[TASK INSTRUCTIONS]
What is needed is an exact copy of the records, with the images left out.

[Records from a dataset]
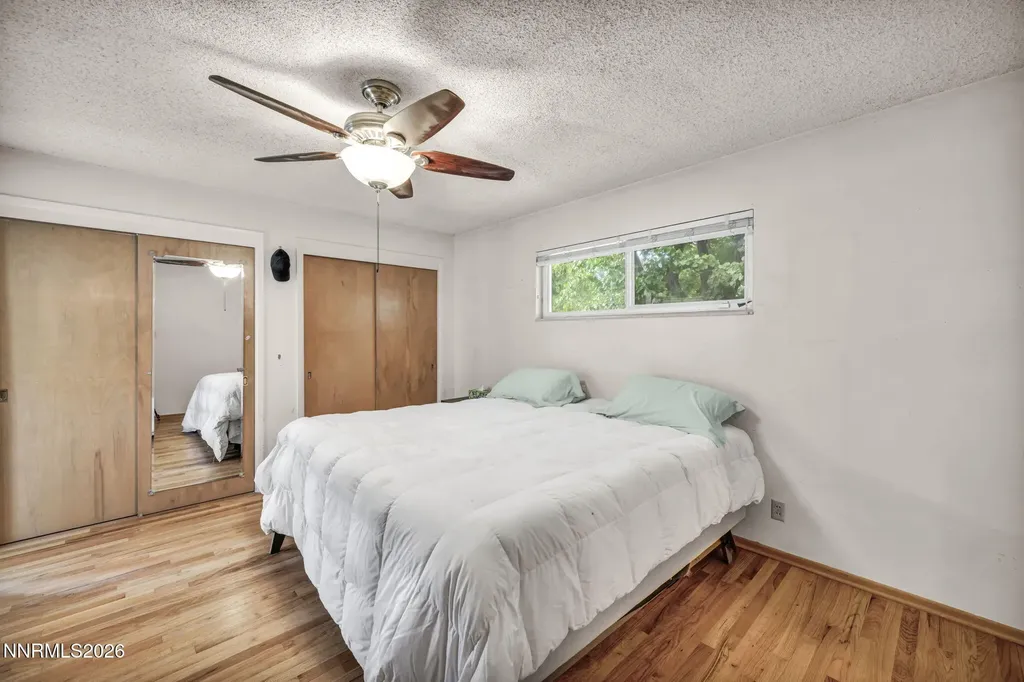 1395 Davidson Reno NV 89509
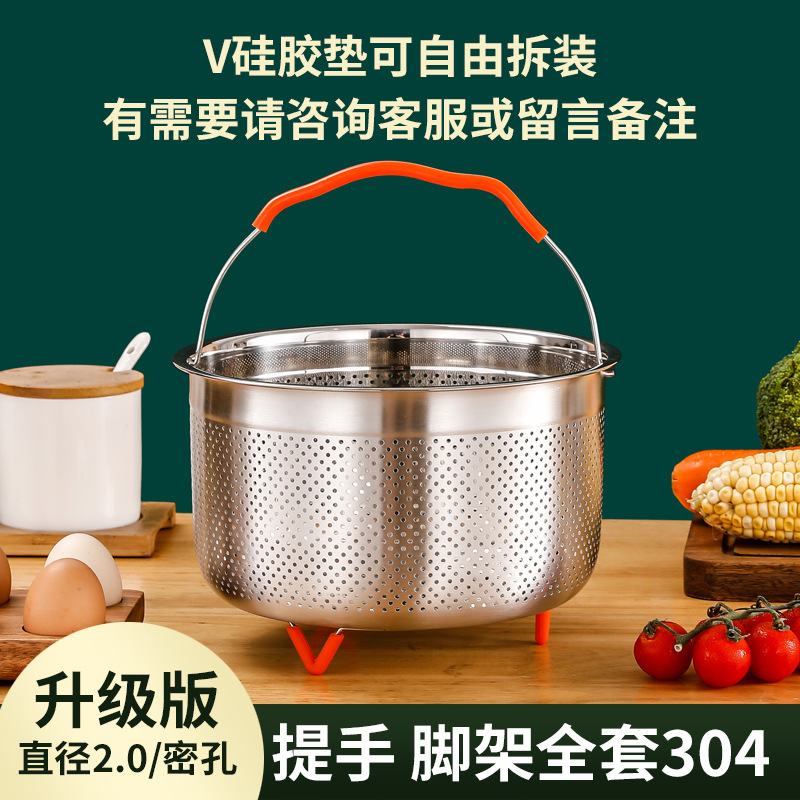 O1CN01TDSPpz1P89jtFbbWV_!!2200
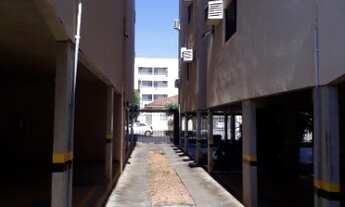 Imagem 7: 3 dormitórios na Rua Antônio Pinheiro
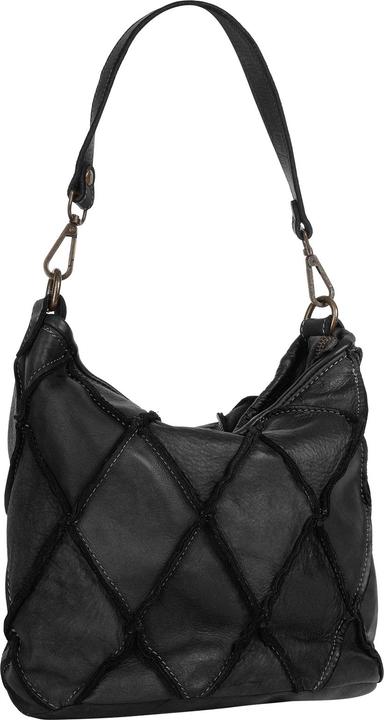 Immagine prodotto Samantha Look Handtasche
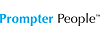 Prompter People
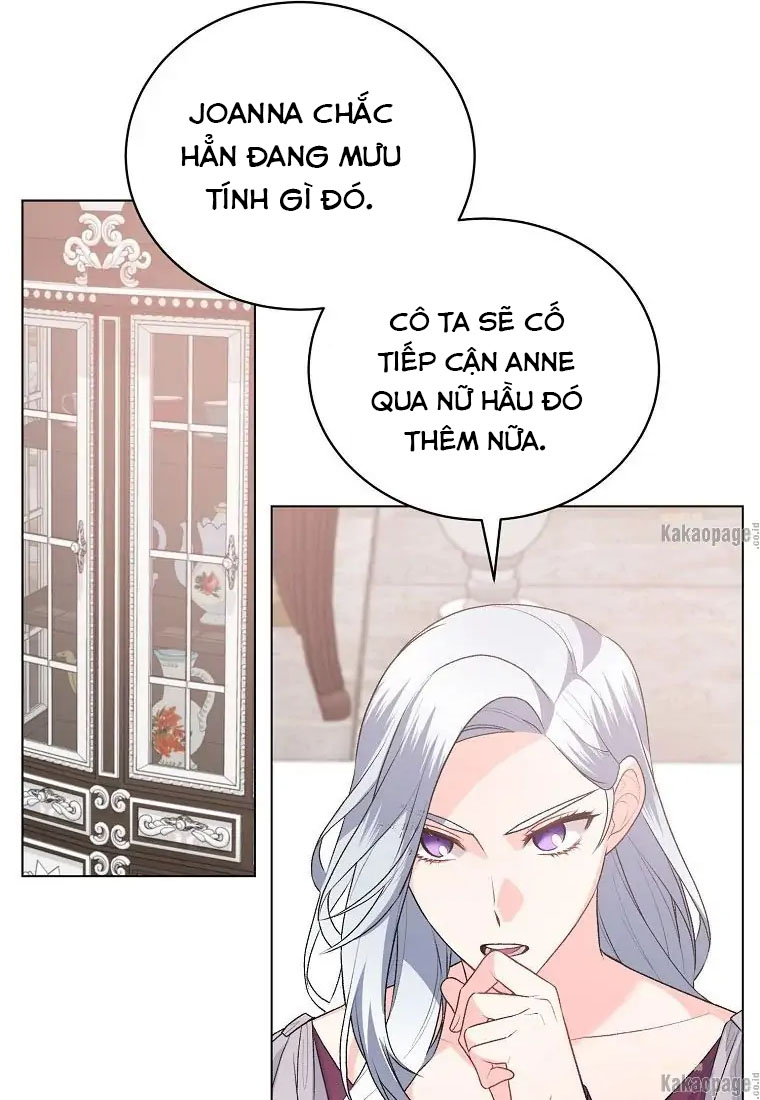 Tôi Sẽ Trở Thành Nhân Vật Chính Chap 88 - Next Chap 89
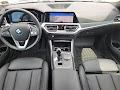 2022 BMW 3 Series 330i xDrive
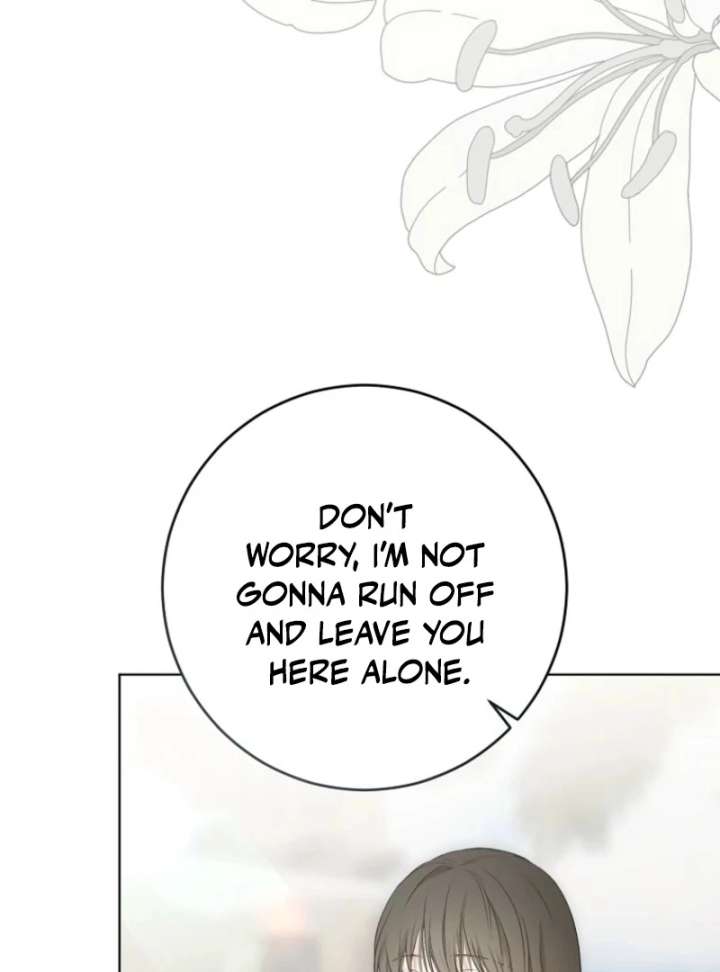 It Looks Like I’ve Fallen into the World of a Reverse Harem Game ss3 Chapter 160 - Page 10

[TASK RESULT]
 1395 Davidson Reno NV 89509
 O1CN01TDSPpz1P89jtFbbWV_!!2200
 Imagem 7: 3 dormitórios na Rua Antônio Pinheiro
 Immagine prodotto Samantha Look Handtasche
 Prompter People
 Tôi Sẽ Trở Thành Nhân Vật Chính Chap 88 - Next Chap 89
 2022 BMW 3 Series 330i xDrive
 It Looks Like I’ve Fallen into the World of a Reverse Harem Game ss3 Chapter 160 - Page 10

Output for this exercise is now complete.